> Description of the task:
Print nothing but the lines below starting at the line that holds "Nutrena® NatureWise® Hearty" and ending at the line that holds "Fig. 04 - Method", including both, each exactly as written.

> The input:

- - -

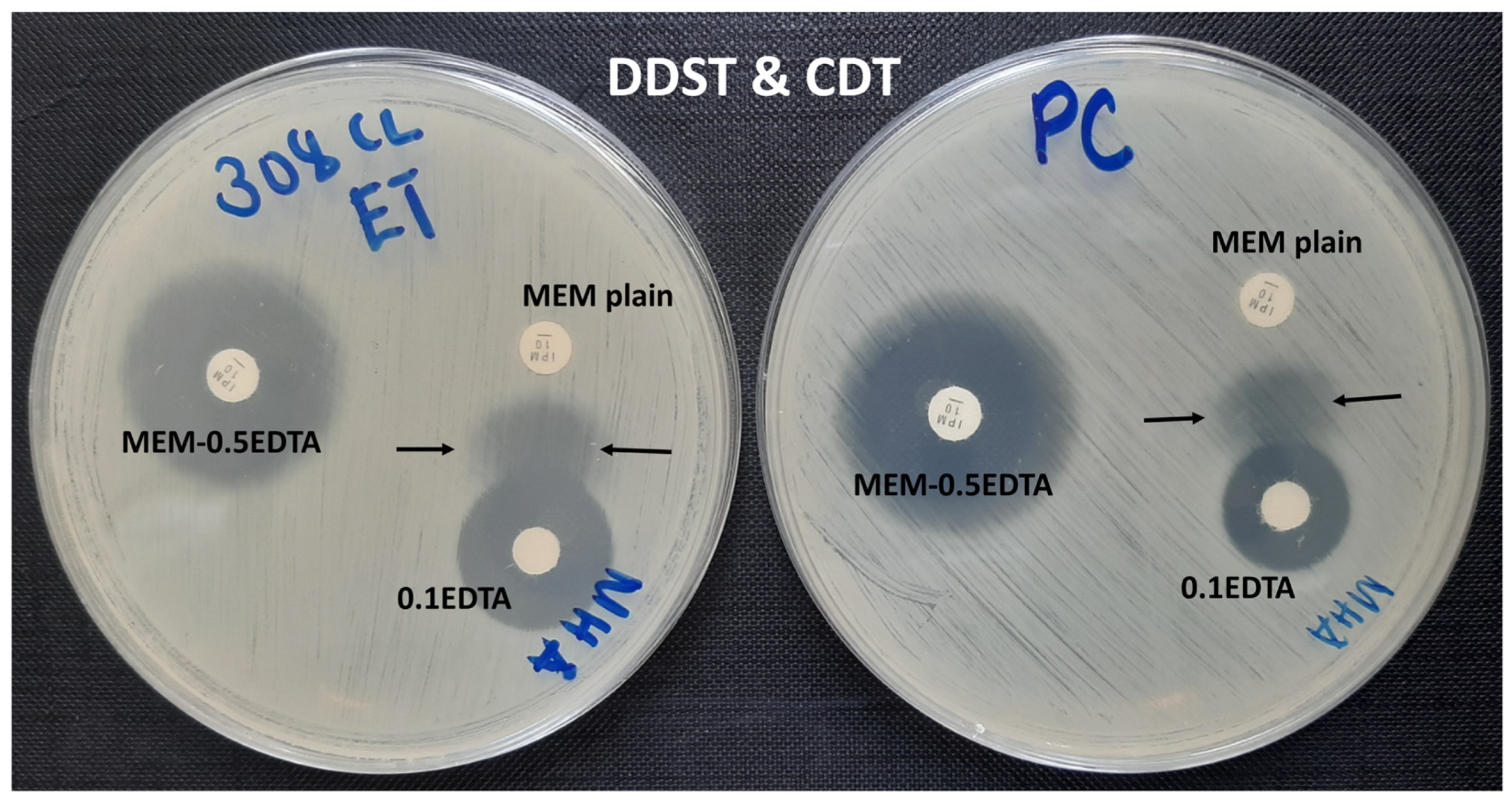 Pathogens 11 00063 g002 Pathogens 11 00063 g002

- - -

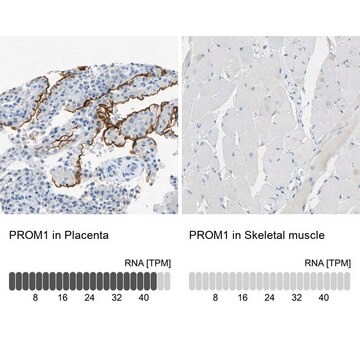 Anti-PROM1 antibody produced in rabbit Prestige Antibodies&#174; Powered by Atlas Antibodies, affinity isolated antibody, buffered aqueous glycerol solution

- - -

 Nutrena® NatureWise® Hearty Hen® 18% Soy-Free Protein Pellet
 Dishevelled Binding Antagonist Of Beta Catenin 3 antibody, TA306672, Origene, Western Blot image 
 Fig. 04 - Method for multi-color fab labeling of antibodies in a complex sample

- - -

> Your solution:
 Nutrena® NatureWise® Hearty Hen® 18% Soy-Free Protein Pellet
 Dishevelled Binding Antagonist Of Beta Catenin 3 antibody, TA306672, Origene, Western Blot image 
 Fig. 04 - Method for multi-color fab labeling of antibodies in a complex sample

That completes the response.